Mark Ella AM
- Born: Mark Gordon Ella 5 June 1959 (age 67) La Perouse, New South Wales, Australia
- School: Matraville High School, Sydney
- Notable relative(s): Glen Ella (brother) Gary Ella (brother)

Rugby union career
- Position: Fly-half

Amateur team(s)
- Years: Team / Apps / (Points)
- Randwick

Provincial / State sides
- Years: Team / Apps / (Points)
- New South Wales

International career
- Years: Team / Apps / (Points)
- 1980–1984: Australia / 25 / (78)

= Mark Ella =

Australia international rugby union player

Mark Gordon Ella, AM (born 5 June 1959) is an indigenous Australian former rugby union footballer. Ella played at flyhalf/five-eighth and was capped by the Wallabies 25 times, captaining Australia on 10 occasions.

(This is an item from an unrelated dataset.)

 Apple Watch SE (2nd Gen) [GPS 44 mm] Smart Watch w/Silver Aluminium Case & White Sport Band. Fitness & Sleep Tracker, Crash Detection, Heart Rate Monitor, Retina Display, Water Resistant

Ella made his debut tour with the Wallabies on the 1979 Australia rugby union tour of Argentina. He would later make his Test debut for Australia during the 1980 Bledisloe Cup Test series, in which the Wallabies defeated the All Blacks two games to one – the first three-Test series victory Australia against New Zealand since 1949, the first series victory over the All Blacks on Australian soil since 1934, and the first occasion the Wallabies successfully retained the Bledisloe Cup. In 1982, Ella was made captain of the Australia national rugby union team and he would go on to captain the Wallabies on 10 occasions from 1982 to 1983. After Arthur Beetson, he was the second indigenous Australian to captain a national sports team. Ella captained a depleted Australian team on the 1982 Australia rugby union tour of New Zealand, which the Wallabies would lose one game to two against the All Blacks. However, Australia scored 316 points in 14 matches on tour, including 47 tries. Ella is perhaps most famous for his performances on the 1984 Australia rugby union tour of Britain and Ireland, during which Australia achieved rugby union's Grand Slam by defeating the Home Nations in four consecutive Tests, with Ella scoring one try in each Test.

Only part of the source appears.